Sin embargo, desde antes del proceso de paz, Fabio Rubiano, dramaturgo y director del Teatro Petra, ya ponía en escena esos temas difíciles: el perdón, la verdad, el papel que jugaron la prensa y los empresarios en la guerra. En Historia de una oveja, su última producción, aborda el despojo de tierras y la búsqueda de la ternura en medio de la barbarie, en el Interrogatorio, una comedia negra sobre la desaparición de una serie de personajes, o en su exitosa Labio de Liebre, ponía en discusión el perdón a los llamados señores de la guerra. Todas con un código claro: la ironía y el humor. Para Rubiano, la comedia negra es la característica más clara de los colombianos. “En medio del dolor y la injusticia siempre aflora el humor pero este no se utiliza para burlarse del dolor de otros sino del propio”. En sus obras está la Colombia de los eufemismos, los muertos son los “dormidos”; los desplazados, migrantes internos; las fosas de las masacres, lugares llenos de muñecos.

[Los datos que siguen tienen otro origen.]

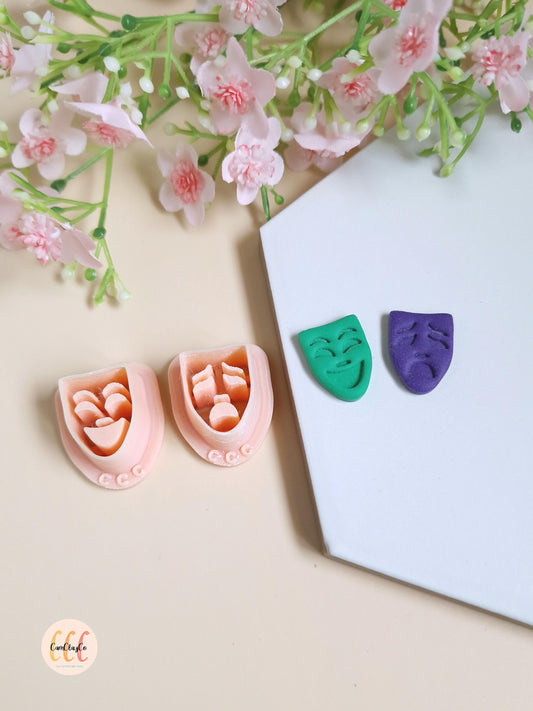 Emporte-pièce 3D en forme de masques content et triste pour la fabrication de bijoux en argile polymère - Mardi Gras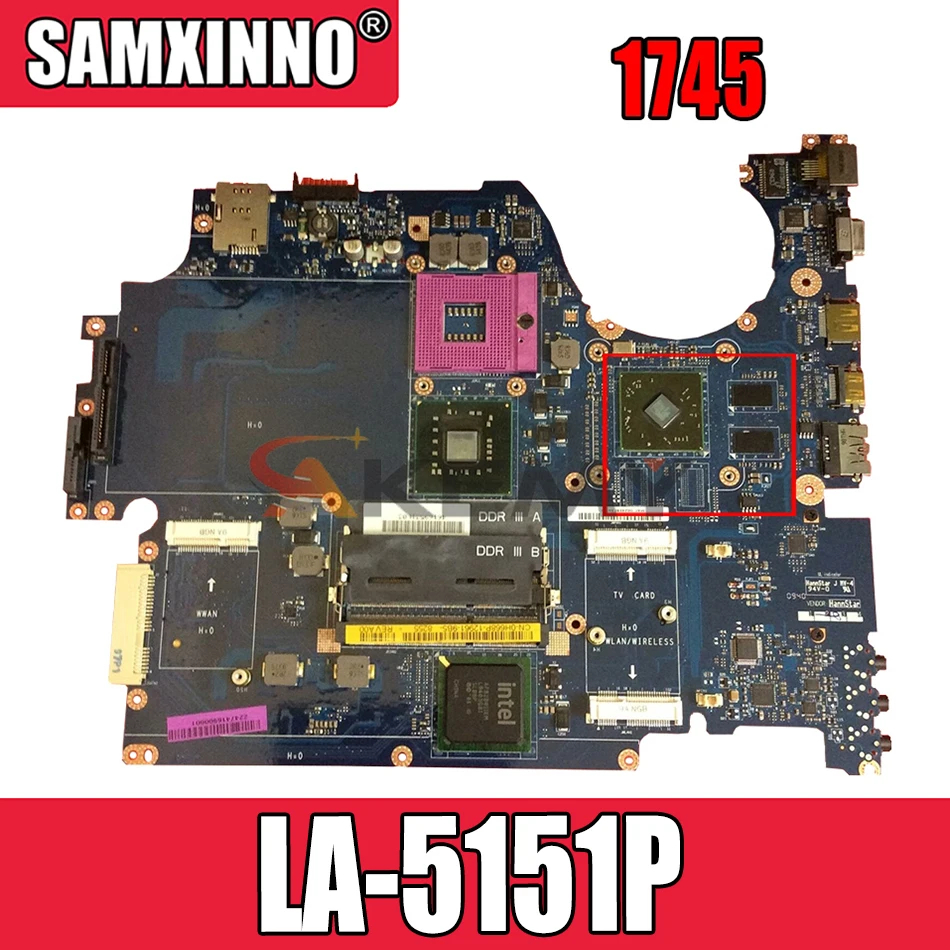 

For DELL Studio 1745 Laptop Motherboard LA-5151P CN-0H668P 0H668P H668P Tested 100% work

“El teatro no tiene una función política, eso puede ser muy soberbio, pero sí creo que es un mecanismo de resistencia contra la derrota. Estamos en un momento de no esperanza y el teatro nos permite ver la poética de la desesperanza”, dice Rubiano a EL PAÍS. “No se trata de hacer un discurso sociológico o histórico sobre lo que sabemos, sino teatral”, agrega.
Hace 7 años, el país vivió una explosión de grupos, escenarios y obras que se conoció como la ‘primavera teatral colombiana’. Verónica Ochoa, actriz, dramaturga y directora antioqueña fue una de sus representantes más visibles. Para ella, que ahora presenta Barrio Malevo, un recorrido por el tango y el narcotráfico que han marcado a la Medellín de su generación, las protestas sociales de 2019 y 2021 traerán una nueva oleada de “dramaturgias expansivas”. “Vimos artistas muy preocupados por ser agentes transformadores, que hicieron intervenciones en las marchas. La creación funcionó como una tercera línea en las protestas”, señala.

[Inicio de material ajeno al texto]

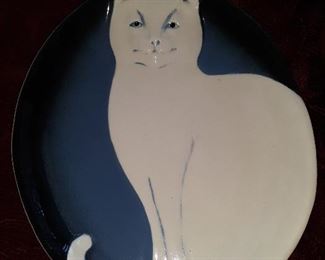 Flat Earth Pottery Cat Plate / Platter 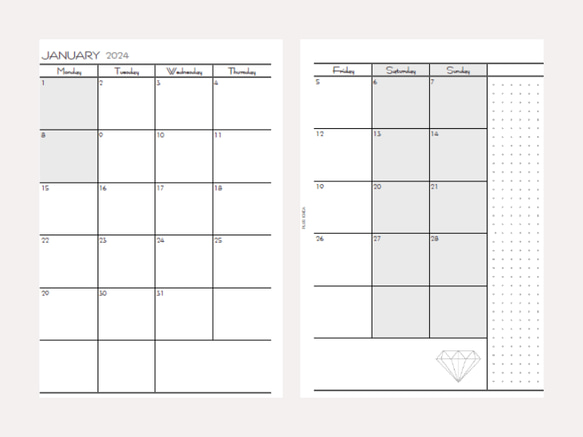 【バイブル/A5】2024 マンスリー　Ver.4　見開き1ヶ月　手帳リフィル 1枚目の画像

En 2015, emulando a la Divina Comedia, de Dante, Ochoa hizo el Corruptour, un viaje en chiva (buses coloridos del campo colombiano) por las calles de Bogotá con el objetivo de buscar a los asesinos del comediante Jaime Garzón, otro de los homicidios que ha marcado a Colombia. Se trataba de una obra en movimiento, un viaje al infierno de esa historia, con el desparpajo y la acidez propia de quien sabe que se ha tocado fondo.
En ese momento, la hermana de Garzón vio la obra y la entendió como una forma de impedir que se olvidara el legado del humorista. Lo mismo acaba de ocurrir con la madre de Dilan Cruz, que estuvo en Solo me acuerdo de eso y, lejos de llorar, dijo al autor que el teatro le permitió sanar, tener a su hijo vivo por un rato. En Colombia, el teatro sirve también para no dejar morir por segunda vez a los miles de asesinados.